Part I Part II
We are presented with the most interesting task: to refresh the Yakitoriya logo.
There are lots and lots of Japanese restaurants in Russia today, so it makes sense to study the competition before we start. Building up a collection of logos. The number of red circles is off the chart.
Art director: Not surprising. But that shouldn’t discourage us, there are many companies who simply stole the Yakitoriya’s identity. So I think moving away from the red circle would be wrong. The same goes for the roof-shaped arrow.
To start, we create a couple of transitive alternatives, thinking how we can refresh the current logo and keep it recognizable. But there is no stopping the designer.
The art director chooses three potential directions.
Artistic director: Let’s create one where it’s like a piece of caviar stuck in the corner of a mouth.
Artistic director: Not irritating enough. And looks more like a baby’s dummy.
Artistic director: Are you avoiding the O on purpose :-)?
Designer: How about these, are they irritating enough for you?
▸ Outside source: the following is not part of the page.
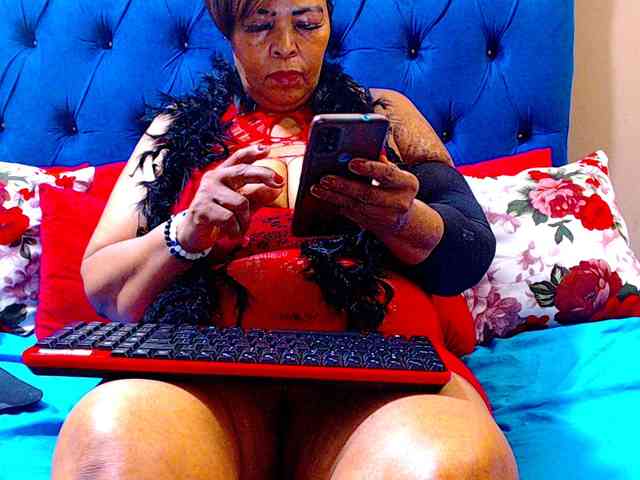 Ebonycandy10 webcam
Artistic director: Number 1. Irritate me with the location of the dot.
Designer: Personally, I’m always irritated when it touches the edge. How about you?
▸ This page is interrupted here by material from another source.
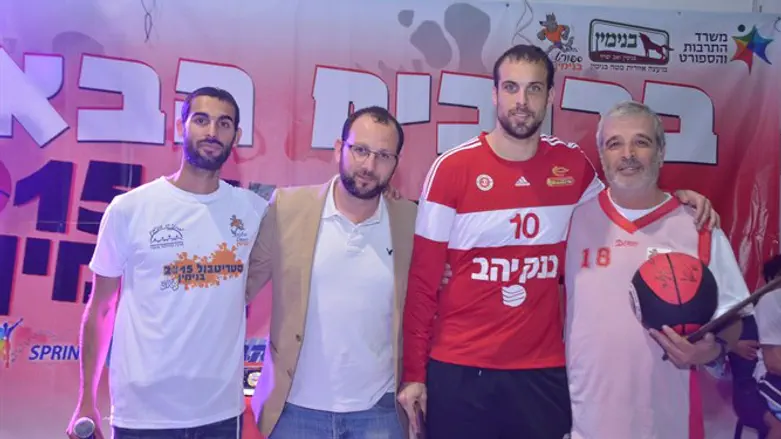 קפטן הפועל י-ם ומנכ"ל הקבוצה בטורניר הסטריטבול הקודם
Artistic director: For me it’s the worst when it almost touches it.
Choosing the most irritating one. Presenting the options to the client.
Client: Damn, that’s just not what we want.
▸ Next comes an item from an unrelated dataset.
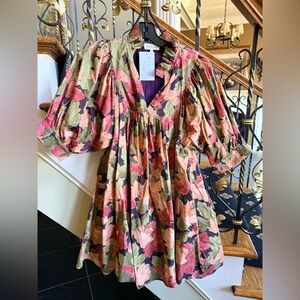 Entro NWT Fall Printed Dress. Lined. Beautiful colors. Size S. Cotton.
Art director (to the designer): Let’s keep on working, get out your design gun.
Getting it out.
Art director: Let’s make a series based on the circle in the center. Each restaurant would have it’s own sign but they will be graphically connected.
Sounds cool. Drawing different characters.
The client likes the circle idea, but it needs to be checked for originality.
Looking for similar designs ourselves and finding them.
Artistic director: It’s just a coincidence, we can still work with this design.
Developing it further.
The client replies that the result looks too childish. He asks to remove the colors and to draw only the outline of the rounded square so it looks more like a sushi roll.
Client: The plastics is better, but now the logo resembles a series of characters and doesn’t look serious. We would like a simple circle in a square, but there are lots of similar designs alrady.
Art director: That’s natural: the simpler the shape, the more similar designs there are. It’s evident that the most simple solution wouldn’t cut it this time.
The designer goes away to think about the logo from scratch and sends over more alternatives.
Choosing a few to present to the client. The type designer draws the calligraphy.
Client: Nope, all too simple and unemotional.